Had to go into A&E again today with heart rhythm problem - I have never seen such chaos. Right hand not knowing what left hand is doing.

And the clerk and nurses in the unit I was in were not wearing masks and coughing all over the place - a higher nurse came in and told them to put them on - which they did, until this nurse left, then they all took them off again.

I think they were reading the wrong notes when they saw me - talked about a knee x-ray which I have never had; and said they have no record of me having AF - I have been in their coronary care unit with it in the past! - and am on blood thinners for it! And they could not find my recent echocardiogram result - which I had in the same hospital!

I said it might be better if I left as the problem had settled - as it often does. But I had had a heart rate between 130 and 160 for several hours when I rang 111; and I had a long AF episode 3 weeks ago, so I wanted to get it settled this time. But I could not go unless I discharged myself and did not want that on my notes.
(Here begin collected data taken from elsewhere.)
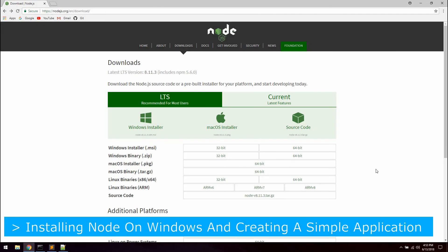Hello guys! In this video we will install Node on Windows and you will create your very first simple hello world application in Node.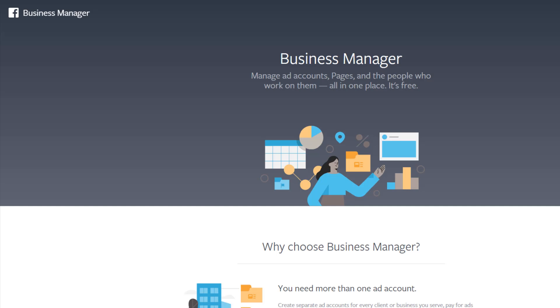Hello and welcome to the first video in the Facebook Ads Masterclass. Today we're going to be setting up our Facebook Business Manager. If you don't already have a Facebook account, you'll need to create one first.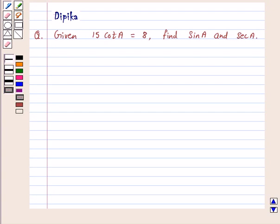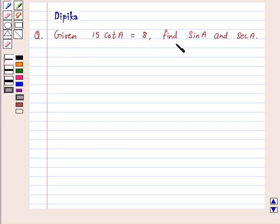Hi and welcome to the session. I am Deepika here. Let's discuss the question: Given 15 cot A is equal to 8, find sine A and secant A.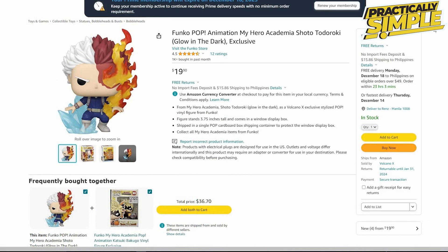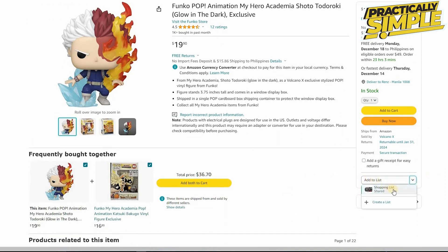If you want to share multiple items, you can do that via a list. At the bottom right of the item you can see the option that says 'Add to List.' Click on it and you have two options: your shopping list and the 'Create a List' option. You can create a new list or add it to your current shopping list. Let's go ahead and add this to our shopping list.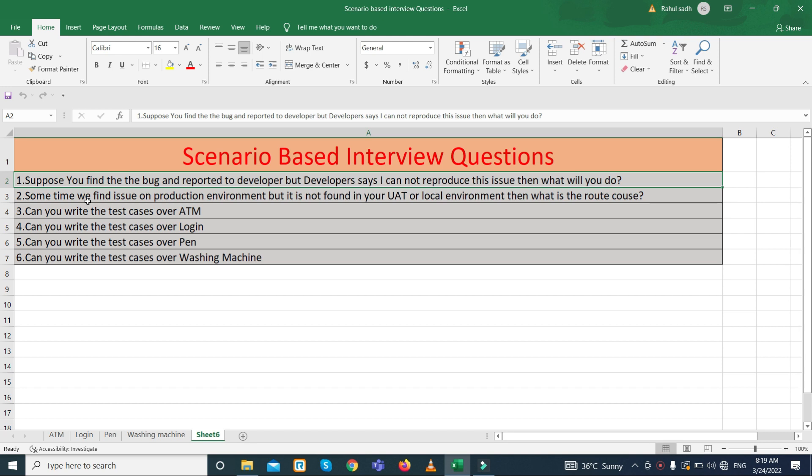Sometimes a bug is found in the production environment but not in UAT or local environment. The root cause may be that some code was missed by developers when they deployed the build to production. It could also be due to server differences — you are testing on a UAT or local server, but the live environment has different servers, so connectivity issues may cause this type of problem.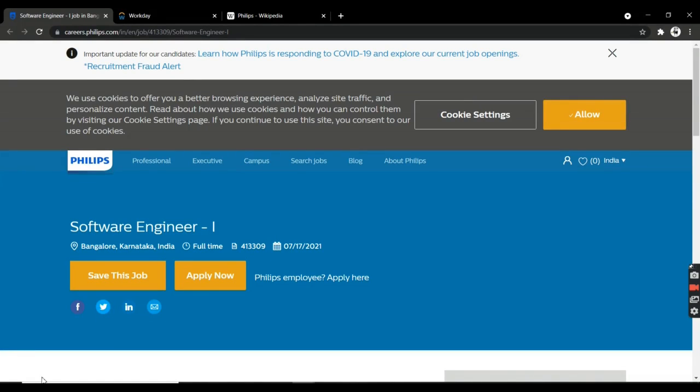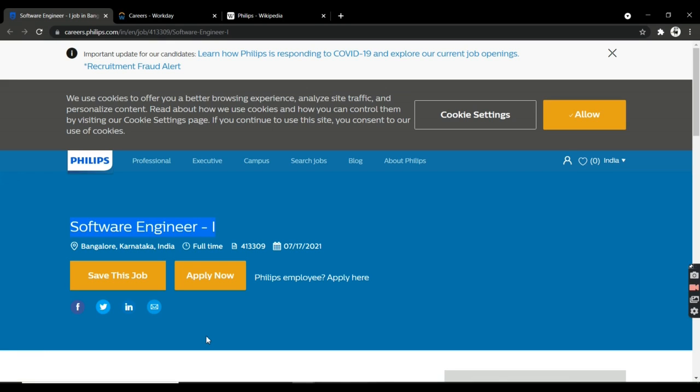Hi guys, welcome back to my YouTube channel. In this video I'm going to talk about the Philips company. Philips is offering a Software Engineer Level 1 position. I've made more than 200 videos about job opportunities.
A local friend from the village was in there - she has had sepsis and only recently discharged after months in hospital and finishing up with a permanent colostomy. She is still on high dose antibiotics to try and prevent the sepsis returning. She is being looked after by district nurse who did a blood test and found she was seriously anaemic and arranged for her to come in for a blood transfusion today. When I arrived she had been waiting several hours - and by the time I left several more hours later she still had not had the transfusion - and had been told she must not take her antibiotics (which are vital in her case - she nearly died several times of her sepsis) as they would have to get the pharmacy to prescribe it for her even though she was only in as a day case. The district nurse has told her to take them in with her and take them on time.

There was so much more chaos that is indescribable. What a dreadful mess it all is.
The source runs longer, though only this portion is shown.